When we are in practical application, we generally do not simply use any of them. We must make clear the requirements, and then analyze the requirements in combination with the advantages of the three.

This time, when solving the demand for smashing Mach selection system on Xianyu, we learned the following characteristics: 1. The length of the commodity list is about 2000, and the number of objects when users get a message is limited, usually only one or two digits. 2. 3. There are a lot of user ids (every user may publish goods), and the category of goods is very limited, so we can choose our own plan accordingly. It can be seen from feature 2 that the weight distribution method needs to be selected in order to integrate multiple factors. In order to solve the performance problem, the sliding window method is selected because the information obtained at one time is very few and the categories of goods are very limited by integrating feature 1 and feature 3. We combine the weight distribution method and the sliding window method, adopt the sliding window with the window size of 4, then use the weight coefficients 13 and 7 (both prime numbers, convenient sorting) to calculate the weight function of user and class respectively, change the restriction condition inside the window to, the weight difference with all other objects is less than a certain threshold. Finally, the unification of multifactor statistics and performance can be achieved.

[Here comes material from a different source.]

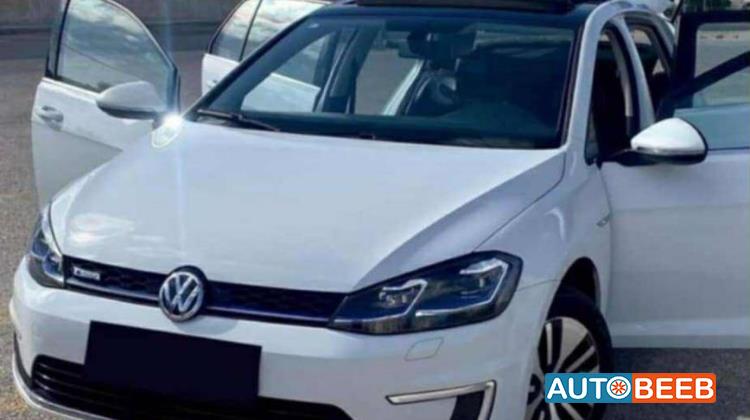 فولكس فاجن E-جولف 2019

However, the parameter selection (window size, weight coefficient) has not been compared repeatedly. Later, we plan to use ABtest and other methods to optimize and adjust the parameters in the actual scene, so as to achieve better performance of the algorithm.

conclusion

This paper discusses several implementation methods of the scatter algorithm, from the implementation method to the advantages and disadvantages of a detailed description, through the method of this paper, can be specific categories of results in order to disperse the presentation, so as to improve the user’s visual experience. We can see that, in fact, there is an inevitable contradiction between the effect of smashing and the respect for the order characteristics of the original algorithm. How to better balance the two in the actual complex demand conditions, so as to be generally suitable for more scenes, is what we need to continue to explore in the future; How to better improve user experience by improving technology is an eternal proposition for technical people.